Warning: This blog entry was written two or more years ago. Therefore, it may contain broken links, out-dated or misleading content, or information that is just plain wrong. Please read on with caution.
This will be a short one today as I have been dealing with both hardware and software problems for the last few days.
Windows vs Linux Case Sensitivity
If you often work with MySQL on both windows and linux you may find yourself getting tripped up by a little difference between the way Windows and Linux MySQL handle case sensitivity. On MySQL databases running on Linux table names are cases sensitive, while on Windows table names are case insensitive and normally forced lowercase.
This can potentially cause a problem if you are developing an MySQL driven application on a windows box (ie your laptop) but intend to deploy it to a Linux box.
Changing MySQL Case Sensitivity on Windows
Resolving this is actually very simple. All you need to do is edit the my.cnf file and set/add the following entry. For my default mysql install "my.cnf" was located at "c:\program files\mysql\mysql server[version]\my.cnf"
#Ensure that table names are stored case sensitive and that queries are case sensitive when naming a table
Lower Case Levels
The above statement has three possible settings 0,1 & 2. Below is a brief explanation of each.

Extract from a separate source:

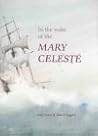 In the Wake of the Mary Celeste In the Wake of the Mary Celeste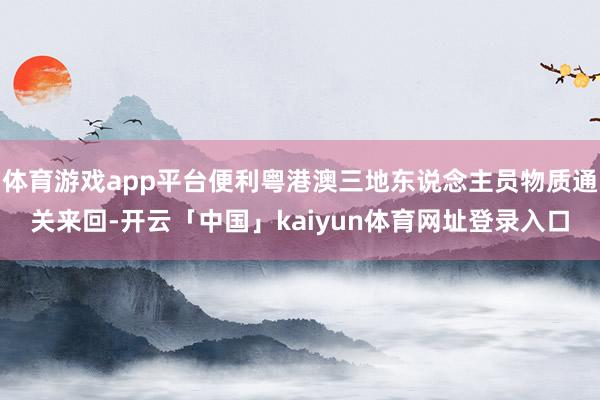 体育游戏app平台便利粤港澳三地东说念主员物质通关来回-开云「中国」kaiyun体育网址登录入口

|Level||Description||Default for OS|
|0||Database and Table names are stored case sensitive. Tables names in queries are also case sensitive.||Linux|
|1||Database and Table names are stored lowercase. Table names in queries are not case sensitive (converted to lowercase on execution).||Windows|
|2||Database and Table names are stored case sensitive. Tables names in queries are not case sensitive. Only possible for non case sensitive file systems (ie windows).|
For more information visit the MySQL Docs.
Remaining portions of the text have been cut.